Answer:
89%.
Explanation:
We'll begin by writing the balanced equation for the reaction. This is given below:
2Li + 2H2O —> 2LiOH + H2
Next, we shall determine the masses of Li and H2O that reacted and the mass of LiOH produced from the balanced equation.
This is illustrated below:
Molar mass of Li = 7 g/mol
Mass of Li from the balanced equation = 2 x 7 = 14 g
Molar mass of H2O = (2x1) + 16 = 18 g/mol
Mass of H2O from the balanced equation = 2 x 18 = 36 g
Molar mass of LiOH = 7 + 16 + 1 = 24 g/mol
Mass of LiOH from the balanced equation = 2 x 24 = 48 g
Summary:
From the balanced equation above,
14 g of Li reacted with 36 g of H2O to produce 48 g of LiOH.
Next, we shall determine the limiting reactant. This can be obtained as follow:
From the balanced equation above,
14 g of Li reacted with 36 g of H2O.
Therefore, 7.4 g of Li will react with = (7.4 x 36)/14 = 19.03 g of H2O.

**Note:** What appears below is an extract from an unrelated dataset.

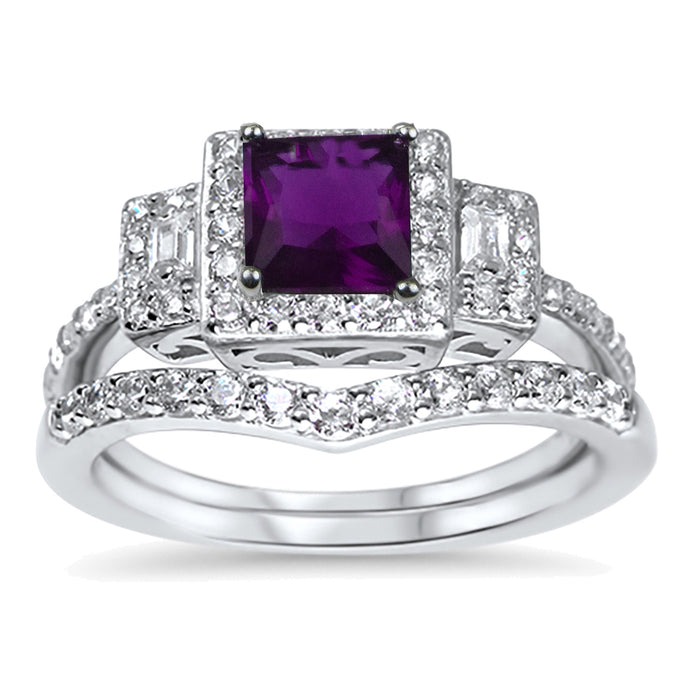 His Her TRIO Wedding Set Purple Amethyst Silver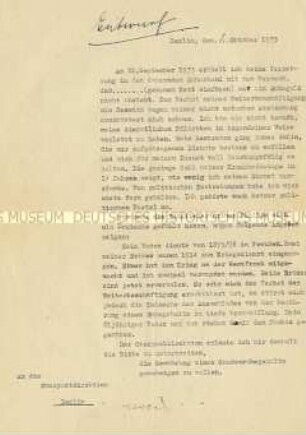 Entwurf eines Schreibens einer ehemaligen Postangestellten an die Oberpostdirektion mit der Bitte um ein "Gnadenruhegehalt" - Familienkonvolut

From the calculation made above, we can see that it will take a higher amount i.e 19.03 g than what was given i.e 10.2 g of H2O to react completely with 7.4 g of Li.
Therefore, H2O is the limiting reactant and Li is the excess reactant.
Next, we shall determine the theoretical yield of LiOH.
In this case we shall use the limiting reactant.
The limiting reactant is H2O and the theoretical yield of LiOH can be obtained as follow:
From the balanced equation above,
36 g of H2O reacted to produce 48 g of LiOH.
Therefore, 10.2 g of H2O will react to produce = (10.2 x 48)/36 = 13.6 g of LiOH.
Therefore, the theoretical yield of LiOH is 13.6 g
Finally, we shall determine the percentage yield of LiOH. This can be obtained as follow:
Actual yield = 12.1 g
Theoretical yield = 13.6 g
Percentage yield =..?
Percentage yield = Actual yield /Theoretical yield x 100
Percentage yield = 12.1/ 13.6 x 100
Percentage yield = 89%
Therefore, the percentage yield LiOH is 89%.